体調もおかしくて、風邪のようなのだが熱が出でもなく、ただ疲れがひどくて眠りが浅い。したがって朝がとてもつらい。
そのぶん佐藤店長が頑張って、未整理の本をどんどん片付けていく。本の山が崩されて、次々に仕分けされていく様が土木作業のようなので、コンピュータ付ブルドーザーのようだと言ったら、機嫌が悪くなってしまった。それはほめ言葉にならないとのこと。僕は開発独裁を評価する者だが。どうも、言っていい言葉と悪い言葉の区別が付かず、いつも人を傷つけてしまうのが情けない。
今月号の『古書月報』を読んだ。水平書館さんの喘息には驚いた。あまり同業者で言う人は少ないが、実はけっこういるのかもしれない。僕も病気になったとき、カビなどの真菌に気を付けるように注意されたが、職業柄アレルゲンに囲まれて暮らしているようなもので、かと言ってお店だからずっとマスクをしているというわけにもいかない。
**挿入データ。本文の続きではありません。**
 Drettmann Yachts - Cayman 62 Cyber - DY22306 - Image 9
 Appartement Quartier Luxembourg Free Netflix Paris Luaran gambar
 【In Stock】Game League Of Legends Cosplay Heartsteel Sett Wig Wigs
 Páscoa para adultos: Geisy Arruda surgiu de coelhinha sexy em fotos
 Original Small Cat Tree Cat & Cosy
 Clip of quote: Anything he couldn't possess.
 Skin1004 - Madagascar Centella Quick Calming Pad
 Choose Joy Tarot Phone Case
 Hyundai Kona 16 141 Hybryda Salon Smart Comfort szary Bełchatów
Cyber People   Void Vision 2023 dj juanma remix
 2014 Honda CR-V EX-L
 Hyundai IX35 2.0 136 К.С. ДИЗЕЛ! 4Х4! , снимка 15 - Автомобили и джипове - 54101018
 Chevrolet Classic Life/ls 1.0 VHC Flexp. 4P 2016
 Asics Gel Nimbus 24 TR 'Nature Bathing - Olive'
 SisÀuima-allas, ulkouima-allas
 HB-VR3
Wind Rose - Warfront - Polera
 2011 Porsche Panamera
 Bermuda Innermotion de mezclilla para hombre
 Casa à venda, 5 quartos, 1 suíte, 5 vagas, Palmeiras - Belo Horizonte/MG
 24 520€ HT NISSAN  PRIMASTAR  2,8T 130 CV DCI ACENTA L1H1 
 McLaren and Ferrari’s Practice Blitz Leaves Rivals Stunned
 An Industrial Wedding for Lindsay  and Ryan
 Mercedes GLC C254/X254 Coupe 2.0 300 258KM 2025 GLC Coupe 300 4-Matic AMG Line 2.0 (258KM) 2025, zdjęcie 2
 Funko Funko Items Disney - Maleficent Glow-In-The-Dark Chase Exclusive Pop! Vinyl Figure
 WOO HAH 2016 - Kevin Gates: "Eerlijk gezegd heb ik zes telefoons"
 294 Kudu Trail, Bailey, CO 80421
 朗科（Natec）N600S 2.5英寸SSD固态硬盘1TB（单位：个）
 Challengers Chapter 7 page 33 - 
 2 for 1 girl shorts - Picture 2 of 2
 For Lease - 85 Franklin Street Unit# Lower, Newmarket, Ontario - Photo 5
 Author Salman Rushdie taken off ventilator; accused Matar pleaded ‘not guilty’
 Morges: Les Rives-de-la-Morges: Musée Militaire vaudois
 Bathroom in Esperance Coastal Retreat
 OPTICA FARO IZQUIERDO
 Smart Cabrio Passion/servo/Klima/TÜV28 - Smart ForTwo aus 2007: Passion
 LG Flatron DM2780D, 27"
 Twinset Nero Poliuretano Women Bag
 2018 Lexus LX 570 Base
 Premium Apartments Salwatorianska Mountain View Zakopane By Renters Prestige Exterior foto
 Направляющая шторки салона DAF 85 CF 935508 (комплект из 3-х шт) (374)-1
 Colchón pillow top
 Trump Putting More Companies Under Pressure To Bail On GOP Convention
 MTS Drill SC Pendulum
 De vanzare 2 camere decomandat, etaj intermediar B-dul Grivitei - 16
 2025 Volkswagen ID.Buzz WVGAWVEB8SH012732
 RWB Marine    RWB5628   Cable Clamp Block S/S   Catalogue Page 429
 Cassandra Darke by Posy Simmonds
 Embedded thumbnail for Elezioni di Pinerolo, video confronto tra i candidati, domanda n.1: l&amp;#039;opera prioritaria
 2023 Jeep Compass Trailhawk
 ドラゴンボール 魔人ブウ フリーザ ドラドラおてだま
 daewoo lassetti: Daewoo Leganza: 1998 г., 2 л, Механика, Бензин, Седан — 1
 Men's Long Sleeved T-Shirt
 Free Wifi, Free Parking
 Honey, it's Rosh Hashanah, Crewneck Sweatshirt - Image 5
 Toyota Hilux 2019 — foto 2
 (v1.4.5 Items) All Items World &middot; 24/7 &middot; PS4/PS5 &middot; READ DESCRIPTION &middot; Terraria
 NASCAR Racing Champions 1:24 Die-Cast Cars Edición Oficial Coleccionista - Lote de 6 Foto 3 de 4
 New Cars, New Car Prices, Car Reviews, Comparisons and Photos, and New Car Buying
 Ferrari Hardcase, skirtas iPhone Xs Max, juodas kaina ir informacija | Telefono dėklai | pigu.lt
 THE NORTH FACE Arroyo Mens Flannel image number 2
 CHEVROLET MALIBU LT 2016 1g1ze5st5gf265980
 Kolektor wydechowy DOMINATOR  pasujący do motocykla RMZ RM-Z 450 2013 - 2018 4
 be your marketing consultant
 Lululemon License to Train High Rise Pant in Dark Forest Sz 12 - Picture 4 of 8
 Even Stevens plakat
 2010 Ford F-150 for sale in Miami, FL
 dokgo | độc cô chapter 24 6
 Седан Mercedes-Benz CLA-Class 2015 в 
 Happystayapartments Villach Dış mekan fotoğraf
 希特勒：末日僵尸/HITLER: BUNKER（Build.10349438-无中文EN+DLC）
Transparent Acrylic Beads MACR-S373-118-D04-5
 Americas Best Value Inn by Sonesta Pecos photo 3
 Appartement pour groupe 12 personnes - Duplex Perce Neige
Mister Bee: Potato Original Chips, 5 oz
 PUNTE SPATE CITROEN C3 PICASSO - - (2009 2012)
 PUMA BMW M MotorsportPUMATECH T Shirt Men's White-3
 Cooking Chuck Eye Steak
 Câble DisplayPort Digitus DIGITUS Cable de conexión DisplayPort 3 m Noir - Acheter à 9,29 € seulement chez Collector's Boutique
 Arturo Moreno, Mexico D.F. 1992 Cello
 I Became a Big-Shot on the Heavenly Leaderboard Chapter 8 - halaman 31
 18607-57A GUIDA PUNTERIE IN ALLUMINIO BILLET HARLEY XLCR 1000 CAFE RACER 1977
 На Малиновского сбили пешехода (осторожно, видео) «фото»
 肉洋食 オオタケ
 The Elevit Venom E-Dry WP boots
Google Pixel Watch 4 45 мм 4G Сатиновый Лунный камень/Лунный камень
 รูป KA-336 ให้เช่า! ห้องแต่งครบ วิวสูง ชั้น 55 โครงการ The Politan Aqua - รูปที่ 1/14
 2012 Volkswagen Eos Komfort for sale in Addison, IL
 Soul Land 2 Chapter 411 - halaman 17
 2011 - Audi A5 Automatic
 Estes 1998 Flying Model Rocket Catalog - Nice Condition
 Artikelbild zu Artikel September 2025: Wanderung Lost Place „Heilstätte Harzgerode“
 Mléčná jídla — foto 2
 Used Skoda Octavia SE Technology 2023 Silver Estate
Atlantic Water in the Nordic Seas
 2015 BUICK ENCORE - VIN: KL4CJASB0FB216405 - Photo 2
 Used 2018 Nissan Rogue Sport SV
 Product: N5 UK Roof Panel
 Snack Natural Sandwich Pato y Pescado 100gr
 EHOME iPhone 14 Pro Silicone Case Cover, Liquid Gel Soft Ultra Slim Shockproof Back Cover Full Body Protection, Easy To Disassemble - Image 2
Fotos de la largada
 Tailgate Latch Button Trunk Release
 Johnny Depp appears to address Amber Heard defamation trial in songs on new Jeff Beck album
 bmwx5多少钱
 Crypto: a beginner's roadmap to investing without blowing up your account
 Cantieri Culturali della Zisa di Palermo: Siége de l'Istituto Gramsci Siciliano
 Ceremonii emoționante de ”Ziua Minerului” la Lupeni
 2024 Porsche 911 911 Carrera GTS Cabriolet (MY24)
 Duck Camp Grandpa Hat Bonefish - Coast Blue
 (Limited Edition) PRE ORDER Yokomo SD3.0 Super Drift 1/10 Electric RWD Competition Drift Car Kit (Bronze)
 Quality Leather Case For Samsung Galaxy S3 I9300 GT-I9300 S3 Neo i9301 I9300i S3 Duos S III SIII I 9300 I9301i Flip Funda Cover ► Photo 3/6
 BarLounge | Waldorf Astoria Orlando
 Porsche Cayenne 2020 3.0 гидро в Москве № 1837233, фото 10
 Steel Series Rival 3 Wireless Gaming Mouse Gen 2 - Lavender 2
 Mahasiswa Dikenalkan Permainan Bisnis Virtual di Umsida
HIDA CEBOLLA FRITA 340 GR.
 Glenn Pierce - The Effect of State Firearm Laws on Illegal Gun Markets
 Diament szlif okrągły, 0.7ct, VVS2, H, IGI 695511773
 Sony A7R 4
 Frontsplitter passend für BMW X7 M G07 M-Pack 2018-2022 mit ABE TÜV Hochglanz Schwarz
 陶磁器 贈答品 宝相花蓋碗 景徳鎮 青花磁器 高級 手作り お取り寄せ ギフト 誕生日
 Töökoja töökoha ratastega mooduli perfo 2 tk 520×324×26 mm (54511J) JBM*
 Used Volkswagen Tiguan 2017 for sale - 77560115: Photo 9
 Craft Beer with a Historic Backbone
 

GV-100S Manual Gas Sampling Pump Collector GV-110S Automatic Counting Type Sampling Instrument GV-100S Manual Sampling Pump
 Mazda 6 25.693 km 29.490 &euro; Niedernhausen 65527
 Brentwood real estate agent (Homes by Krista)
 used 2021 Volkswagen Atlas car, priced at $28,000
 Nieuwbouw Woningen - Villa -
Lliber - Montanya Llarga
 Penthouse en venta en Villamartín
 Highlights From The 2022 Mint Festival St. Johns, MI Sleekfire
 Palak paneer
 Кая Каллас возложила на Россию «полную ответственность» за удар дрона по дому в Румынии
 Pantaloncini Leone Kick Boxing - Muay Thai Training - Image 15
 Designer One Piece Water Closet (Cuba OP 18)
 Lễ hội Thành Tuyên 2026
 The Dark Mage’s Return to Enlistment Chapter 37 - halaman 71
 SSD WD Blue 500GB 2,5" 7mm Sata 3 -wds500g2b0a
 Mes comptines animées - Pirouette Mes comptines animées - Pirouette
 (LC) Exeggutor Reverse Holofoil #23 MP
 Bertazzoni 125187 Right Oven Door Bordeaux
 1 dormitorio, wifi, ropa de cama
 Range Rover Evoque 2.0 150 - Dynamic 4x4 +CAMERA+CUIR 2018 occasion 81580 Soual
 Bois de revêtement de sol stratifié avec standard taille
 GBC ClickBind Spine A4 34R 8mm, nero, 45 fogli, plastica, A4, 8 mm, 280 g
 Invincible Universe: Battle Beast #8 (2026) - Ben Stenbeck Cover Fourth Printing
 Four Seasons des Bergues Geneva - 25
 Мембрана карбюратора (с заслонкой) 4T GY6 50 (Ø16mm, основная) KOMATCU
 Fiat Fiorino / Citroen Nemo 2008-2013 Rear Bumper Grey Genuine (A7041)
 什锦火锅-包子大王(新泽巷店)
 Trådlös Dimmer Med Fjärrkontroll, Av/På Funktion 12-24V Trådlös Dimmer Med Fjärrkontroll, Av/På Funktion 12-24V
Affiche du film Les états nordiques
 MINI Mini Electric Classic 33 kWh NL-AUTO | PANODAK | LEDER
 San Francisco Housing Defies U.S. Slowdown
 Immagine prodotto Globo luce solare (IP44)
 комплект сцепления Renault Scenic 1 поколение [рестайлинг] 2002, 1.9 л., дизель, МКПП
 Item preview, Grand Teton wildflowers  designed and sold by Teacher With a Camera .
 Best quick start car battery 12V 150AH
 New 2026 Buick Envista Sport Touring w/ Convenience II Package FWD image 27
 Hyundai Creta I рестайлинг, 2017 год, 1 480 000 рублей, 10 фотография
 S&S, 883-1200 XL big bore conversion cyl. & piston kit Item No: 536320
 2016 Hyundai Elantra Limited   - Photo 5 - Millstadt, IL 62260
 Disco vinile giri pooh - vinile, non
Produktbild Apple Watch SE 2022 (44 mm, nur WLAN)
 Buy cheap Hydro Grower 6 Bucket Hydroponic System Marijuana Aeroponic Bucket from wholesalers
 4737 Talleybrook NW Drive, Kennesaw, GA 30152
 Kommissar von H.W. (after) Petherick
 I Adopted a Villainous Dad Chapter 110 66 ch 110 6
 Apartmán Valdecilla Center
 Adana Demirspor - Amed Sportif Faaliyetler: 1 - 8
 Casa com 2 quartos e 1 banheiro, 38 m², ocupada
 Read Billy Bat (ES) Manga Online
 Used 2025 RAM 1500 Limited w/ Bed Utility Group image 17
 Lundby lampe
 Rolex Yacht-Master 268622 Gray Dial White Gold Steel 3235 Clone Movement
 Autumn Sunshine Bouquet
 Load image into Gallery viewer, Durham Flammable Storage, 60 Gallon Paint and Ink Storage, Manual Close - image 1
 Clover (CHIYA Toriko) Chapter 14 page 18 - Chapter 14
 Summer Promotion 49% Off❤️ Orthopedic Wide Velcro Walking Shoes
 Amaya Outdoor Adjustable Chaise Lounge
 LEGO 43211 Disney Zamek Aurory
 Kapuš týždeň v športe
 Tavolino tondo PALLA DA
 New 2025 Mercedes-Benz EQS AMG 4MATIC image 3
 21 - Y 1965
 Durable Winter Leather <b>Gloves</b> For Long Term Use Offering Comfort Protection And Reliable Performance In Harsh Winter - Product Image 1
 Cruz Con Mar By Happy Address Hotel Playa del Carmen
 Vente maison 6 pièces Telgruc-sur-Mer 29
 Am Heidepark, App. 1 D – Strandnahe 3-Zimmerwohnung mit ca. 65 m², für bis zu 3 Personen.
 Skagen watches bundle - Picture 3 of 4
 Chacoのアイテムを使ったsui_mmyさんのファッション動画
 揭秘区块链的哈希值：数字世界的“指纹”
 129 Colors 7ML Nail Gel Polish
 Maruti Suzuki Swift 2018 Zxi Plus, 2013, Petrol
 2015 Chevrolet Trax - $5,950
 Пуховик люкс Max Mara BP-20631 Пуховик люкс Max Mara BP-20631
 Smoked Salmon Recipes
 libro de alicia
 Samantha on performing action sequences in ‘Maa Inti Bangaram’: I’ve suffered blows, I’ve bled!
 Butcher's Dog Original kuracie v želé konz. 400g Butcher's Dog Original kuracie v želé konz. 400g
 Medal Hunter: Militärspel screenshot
駱駝舎川村さんの毒舌も冴え渡っている。先日、川村さんが中央線支部機関紙の取材に来てくれたときは、お洒落で格好いいと佐藤店長が騒いでいたが、彼の書く記事は最近、洒脱を通り越して批評になっている。古書組合の組織も疲労してきていて、細胞たる班組織は崩壊、班会もほとんど開かれなくなっている。支部の役員会には欠席が目立ち、本部の役員会は形骸化しているし、総会ですら何の質問もなく終わることがある。こういう時代に文章での意思表示は貴重で、志のある方は是非とも機関紙誌に寄稿投稿して、組合の有り様に一石を投じていただきたい。